Quiso decirle otras cosas, pero era tarde y Roger regresaba de la guardia, en cuyo cuarto de banderas había recibido algunas visitas de griegos notables.
Había en el primer peldaño de la escalera una sandalia abandonada. Una sandalia de hombre, de griego. Tenía aún una hebilla que debió ser dorada algún día y estaba casi desprendida. Conservaba la sandalia la forma del pie que la había llevado. La forma de un pie es más desairada en una sandalia que en un zapato. Se ve en la ligereza de la sandalia cada uno de los lugares donde el pie tosco, caminador, danzante, brincador, ha hecho fuerza y presión.
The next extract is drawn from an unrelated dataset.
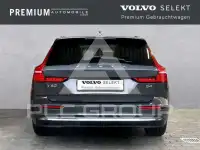 2022 Volvo V60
Cada vez que Roger pasaba por allí sentía una impresión enojosa, como si el dueño de aquella sandalia hubiera muerto y estuviera cerca en algún lugar próximo, sin enterrar todavía. “Tengo que mandar que saquen eso de ahí”, pensaba.
Cuando llegó a sus habitaciones oyó el rumor de la voz de la reina Irene y pensó que era muy tarde para que estuvieran despiertas. Fuera seguía la lluvia. Roger pensaba en Arenós y se decía: “¿Habrá llegado ya a Atenas?”